The Highlands are often omitted from much of the history of the Scottish Wars of Independence, in large part because it is often seen as a border conflict. But this is an oversimplification. The north was, at various times, a battleground for forces of both sides. Northern forces provided notable contributions to campaigns ought elsewhere in Scotland, and further afield. And popular views of the war also tend to focus particularly on its first phase under Wallace and Bruce (1296-1328), but little understanding exists of that which followed (1332-1357), and the importance of the north to this conflict. This talk will, then, look to address some of these issues. By focusing in particular on Ross and Sutherland, it will consider two important medieval earldoms, their lords, and their people, and analyse their involvement in the conflict, as well as the impact of the war on this region and its people.


The City Jazz Quartet

As part of our festival in 2022 we welcomed The City Jazz Quartet to a full house in the Collegiate Church, representing the Arts.  The City Jazz Quartet are an Inverness-based quartet comprising trombone, clarinet/sax, guitar and bass,


They play standards and mainstream jazz. Brian Keddie (trombone) has played extensively throughout the UK in various line-ups, along with Brian Kellock, Kenny Ellis, the late Bill Kyle, guitarist Dave Cliff, various American musicians on tour and singer Tam White for whom he also did arrangements. Colin Smith (double bass) is in regular demand for gigs and sessions. He is widely regarded as one of Scotland’s finest bass players and has played with many visiting American jazz stars.
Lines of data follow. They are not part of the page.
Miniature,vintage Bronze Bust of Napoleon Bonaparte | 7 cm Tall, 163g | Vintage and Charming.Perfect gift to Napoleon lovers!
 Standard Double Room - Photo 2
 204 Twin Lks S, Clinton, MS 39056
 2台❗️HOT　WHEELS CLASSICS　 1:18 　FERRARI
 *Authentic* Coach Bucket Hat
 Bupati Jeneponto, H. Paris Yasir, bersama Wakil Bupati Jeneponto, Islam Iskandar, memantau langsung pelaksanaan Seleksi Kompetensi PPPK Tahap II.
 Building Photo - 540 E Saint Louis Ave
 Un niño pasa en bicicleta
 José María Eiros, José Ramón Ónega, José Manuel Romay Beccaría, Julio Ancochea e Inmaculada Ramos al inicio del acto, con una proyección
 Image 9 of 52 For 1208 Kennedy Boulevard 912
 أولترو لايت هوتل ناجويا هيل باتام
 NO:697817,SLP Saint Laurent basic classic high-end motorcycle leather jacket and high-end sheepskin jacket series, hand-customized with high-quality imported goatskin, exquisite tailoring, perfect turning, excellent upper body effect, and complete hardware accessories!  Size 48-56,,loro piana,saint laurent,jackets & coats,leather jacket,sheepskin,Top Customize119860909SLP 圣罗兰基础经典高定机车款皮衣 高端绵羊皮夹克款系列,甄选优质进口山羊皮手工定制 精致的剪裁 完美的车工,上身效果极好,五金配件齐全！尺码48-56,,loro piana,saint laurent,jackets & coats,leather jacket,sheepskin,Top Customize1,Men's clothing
Mike MacKenzie (clarinet and saxes) Has played extensively in the North over a number of years on the Trad music scene. He is highly regarded as a multi instrumentalist and is regularly called for jazz gigs. Roger Niven (guitar) plays a wide variety of styles. His jazz EP, ‘Circus FM”, featuring some of the UK’s foremost session players, received critical acclaim. In 2016 he made a blues album in New Orleans.